Di luar tampilan, Windows 11 menyajikan integrasi yang sangat apik dengan Linux melalui Windows Subsystem for Linux (WSL). Singkatnya, WLS merupakan "aplikasi" yang dibuat Microsoft untuk para pengguna Windows yang membutuhkan aplikasi Linux (atau bahkan Linux-nya sendiri) dapat dijalankan langsung melalui Windows, tanpa perlu Dual Boots.
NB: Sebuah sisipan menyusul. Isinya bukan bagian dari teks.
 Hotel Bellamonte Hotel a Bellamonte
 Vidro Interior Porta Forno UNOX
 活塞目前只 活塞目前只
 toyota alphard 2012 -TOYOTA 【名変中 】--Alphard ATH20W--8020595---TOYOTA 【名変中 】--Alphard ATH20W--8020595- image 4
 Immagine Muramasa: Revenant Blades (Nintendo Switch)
WSL memang merupakan keironisan tersendiri bagi Microsoft. Sebab, seperti yang sempat saya tulis, Bill Gates sangat membenci dunia open-source, dunianya Linux. Sewaktu muda, Gates pernah berang aplikasi buatannya, BASIC interpreter, dipreteli aktivis-aktivis open source Homebrew Computer Club (Steve Wozniak termasuk anggotanya). Ketika Microsoft meraksasa, anak buahnya, Steve Ballmer, menyebut Linux sebagai "kanker."
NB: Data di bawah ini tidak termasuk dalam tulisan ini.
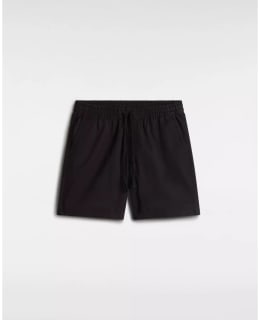 VANS RANGE RELAX SHORT M VN0A5FKDBLK1 XL Main Image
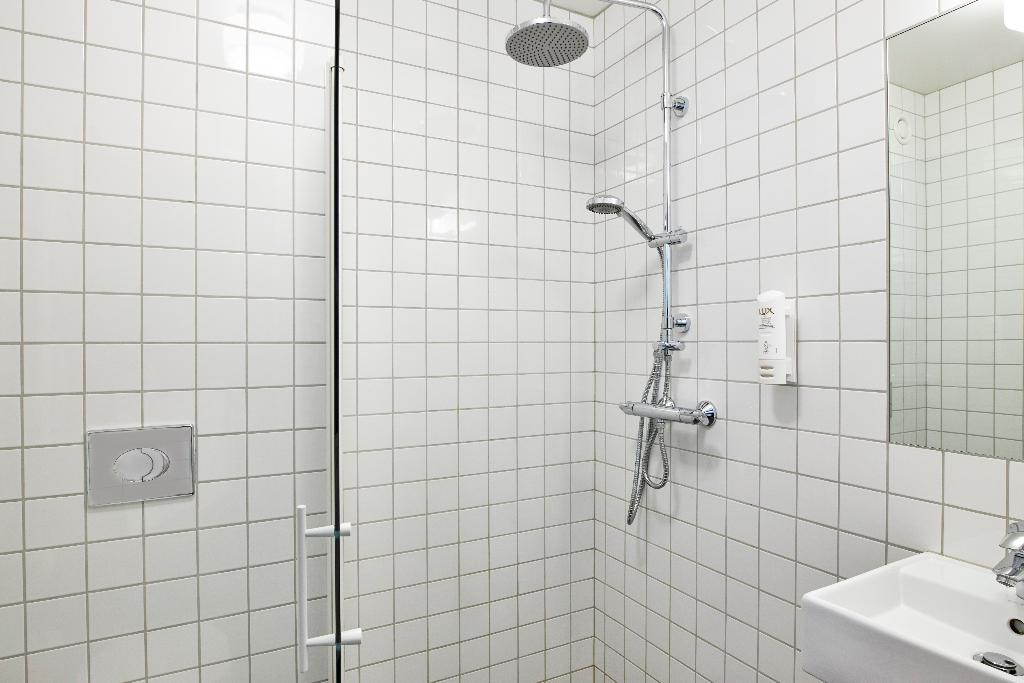 Fosshotel Stykkisholmur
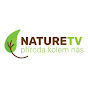 NATURE - HISTORY TV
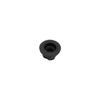 КРЫШКА ВТУЛКИ ДЛЯ MERCEDES W204 C218 A6420940785 Полезно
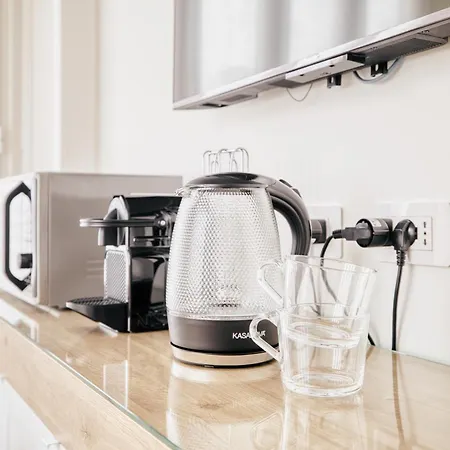 Hostmate - - Viale Corsica - 15 Min From Duomo * Milano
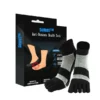 Sofeet™ Anti Bunions & Varicose Veins Health Sock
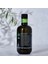 Organik Natürel Sızma Zeytinyağı - Erken Hasat 500 ml 2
Seperti ditulis Satya Nadella dalam memoarnya, mengintegrasikan Windows dengan Linux adalah perubahan yang dilakukan Microsoft agar lebih baik, agar tak ditinggalkan penggunanya.

Infografik Windows

Infografik Windows dari tahun ke tahun. tirto.id/Rangga

Selain tampilan yang sedikit berbeda dan WSL, bagi saya Windows 11 merupakan sistem operasi yang memaksa penggunanya menggunakan segala layanan milik Microsoft. Ini terjadi karena segala layanan milik Microsoft, mulai dari Cortana, Microsoft Store, Widget yang menampilkan berita-berita clickbait ala Microsoft News, Team, Office, OneDrive, Edge, hingga Bing langsung dijadikan default oleh Microsoft. Bahkan beberapa aplikasi, khususnya Edge, sukar digantikan oleh Chrome sebagai default sistem operasi. Dan jika Anda menggunakan Search/Cortana di Windows 11, hasil pencarian akan langsung diarahkan ke laman Bing, bukan yang lain.

Di luar pemaksaan layanan-layanan ini, kekecewaan lain yang saya alami ketika menggunakan Windows 11 adalah karean Microsoft terlalu memuja mouse atau tetikus dan menelantarkan touchpad/trackpad. Dengan sistem multitasking yang baru, yang menampilkan kolom-kolom seberapa banyak aplikasi hendak digunakan dalam satu jendela, memang menyenangkan. Masalahnya, Windows hingga saat ini tidak mendukung multitouch dengan apik seperti macOS.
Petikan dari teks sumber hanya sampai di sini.